═════ Dataset section

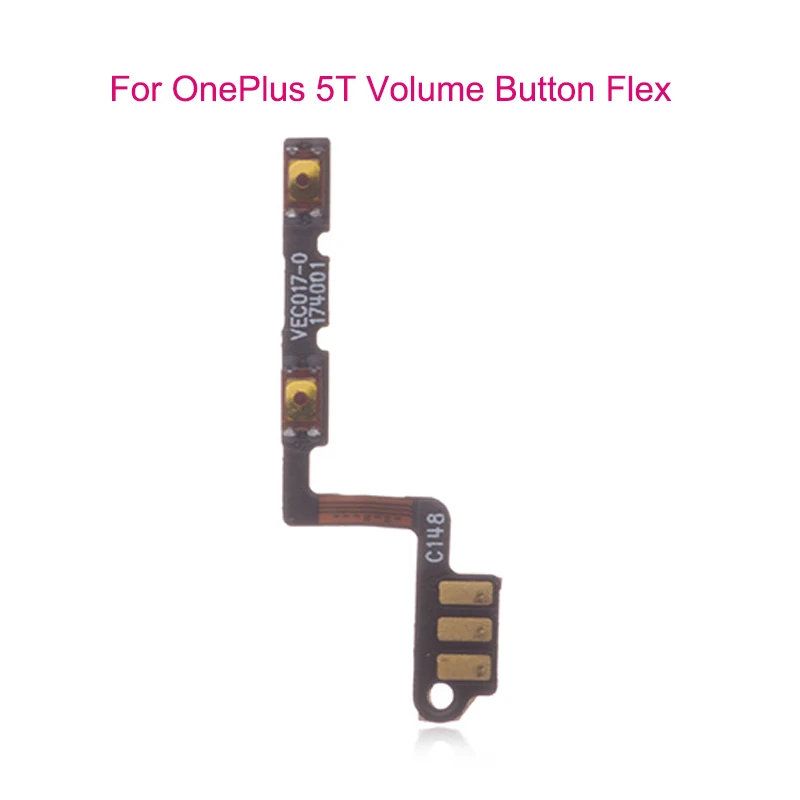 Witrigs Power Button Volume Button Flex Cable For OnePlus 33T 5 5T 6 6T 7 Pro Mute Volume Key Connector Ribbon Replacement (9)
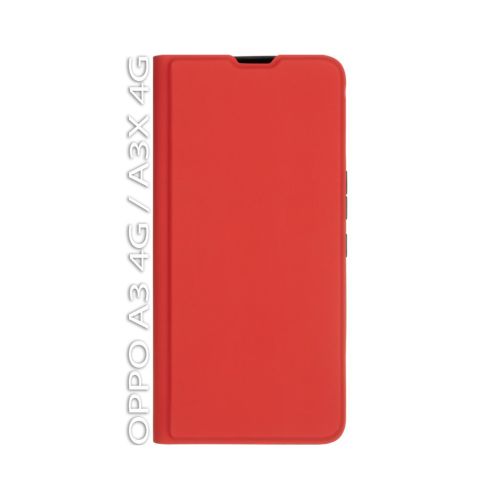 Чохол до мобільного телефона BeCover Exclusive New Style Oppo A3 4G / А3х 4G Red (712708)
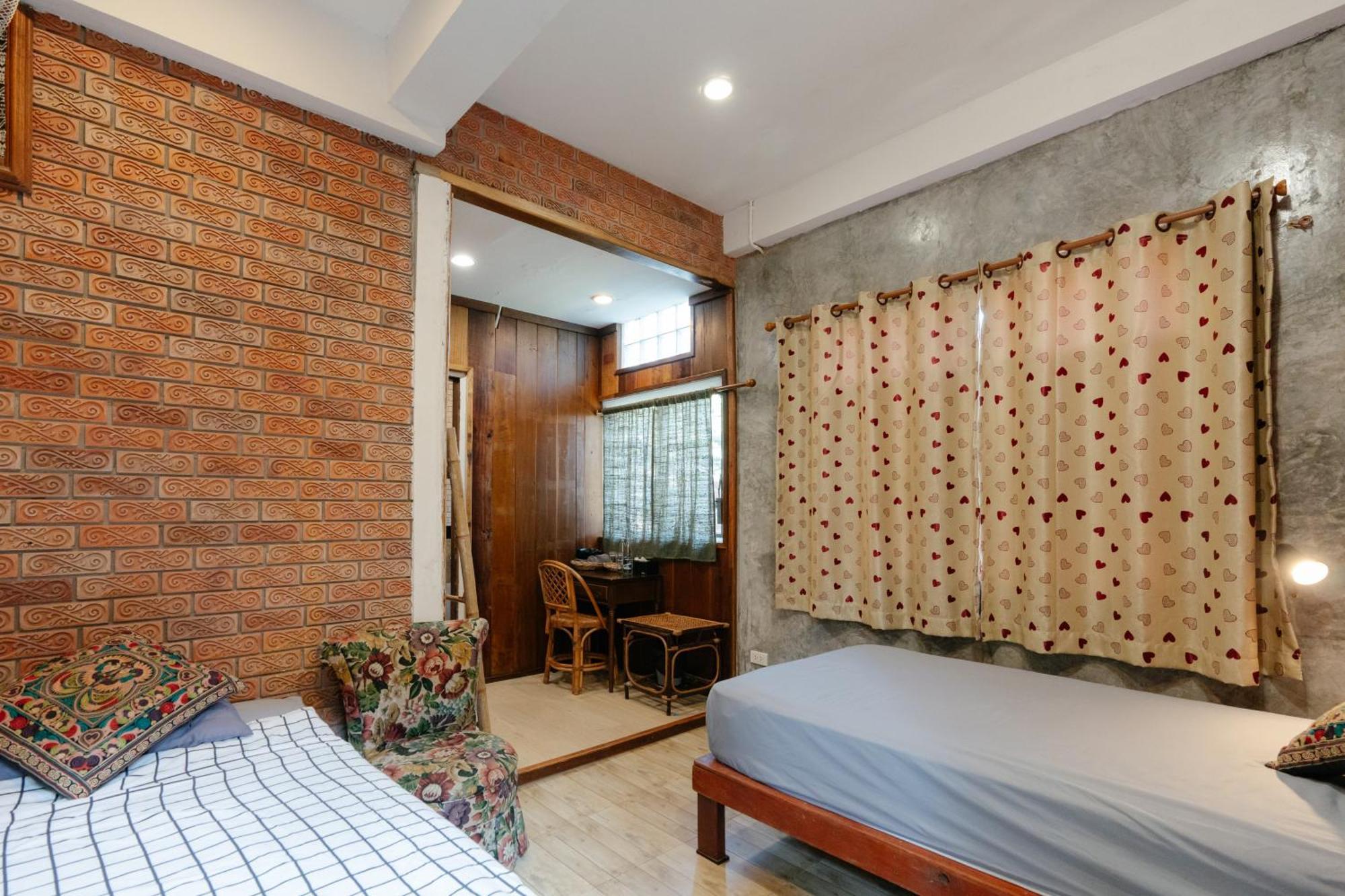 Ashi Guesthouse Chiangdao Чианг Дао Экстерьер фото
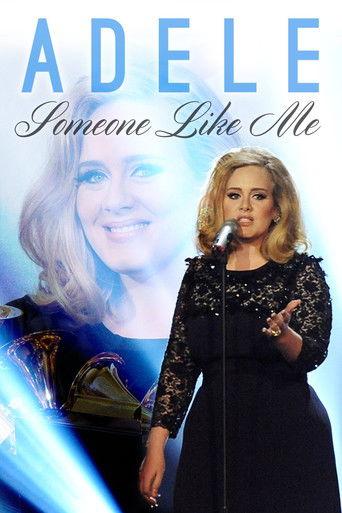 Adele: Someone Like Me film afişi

══════════

- Directions for this task
Emit the lines of the data above from the one containing "Чохол до мобільного" through its final line, both endpoints included. Pictures do not belong in the output.

- Result below
 Чохол до мобільного телефона BeCover Exclusive New Style Oppo A3 4G / А3х 4G Red (712708)
 Ashi Guesthouse Chiangdao Чианг Дао Экстерьер фото
 Adele: Someone Like Me film afişi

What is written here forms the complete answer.